Although it would make among the largest power stations in the world, the side-effects would be an insane carbon footprint (from drowning all that rainforest), an increase of malaria and earlier spread of HIV, a likely increase in ethnic tensions and internal conflict in Central Africa, and the potential of the dam being a target for terrorism (although nothing short of a nuclear bomb could possibly break the dam) with extreme consequences. The Congo Dam and the lake it creates would be one of the greatest symbols of colonialism and its impact on Africa.
On the bright side, the fact it generates so much power could be beneficial for the economy, and a canal connecting it to Lake Chad would refill that lake and be a good transport corridor, preventing the real threat of Lake Chad drying out which would have serious consequences. However, you could do both without needing such a massive lake.
Mass genocide, as they have no way to move the millions of people in the area of the lake. Nor have they any place to put the ones that do flee.
The lake would take almost a century to fill IIRC, so few people would drown. The displacement of millions would occur over generations.

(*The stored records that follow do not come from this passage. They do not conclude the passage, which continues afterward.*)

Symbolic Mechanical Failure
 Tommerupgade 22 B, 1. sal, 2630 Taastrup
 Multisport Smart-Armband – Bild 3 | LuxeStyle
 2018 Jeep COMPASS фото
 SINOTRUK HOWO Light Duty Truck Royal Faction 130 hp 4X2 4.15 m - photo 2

I doubt the Belgians would want to make the lake that big, however, a much smaller lake seems possible. On the other hand, while I am certainly not an architect and have no expertise on this subject whatsoever, such a project seems a bit too advanced for the era of European colonialism, especially if a minor nation like Belgium if building it rather than the British and French, who would have more resources at their disposal to be utilized in such a project. Maybe with either US or Soviet backing (I think the DRC used to be a Soviet ally around the time of independence) the dam could be built once the DRC achieves independence, thus turning the nation into a regional economic powerhouse that would have plenty of electricity.
See the Grand Inga Dam project, which goes for a much saner hydro scheme which won't drown the entire area. That would be a highly beneficial project for Congo-Kinshasa.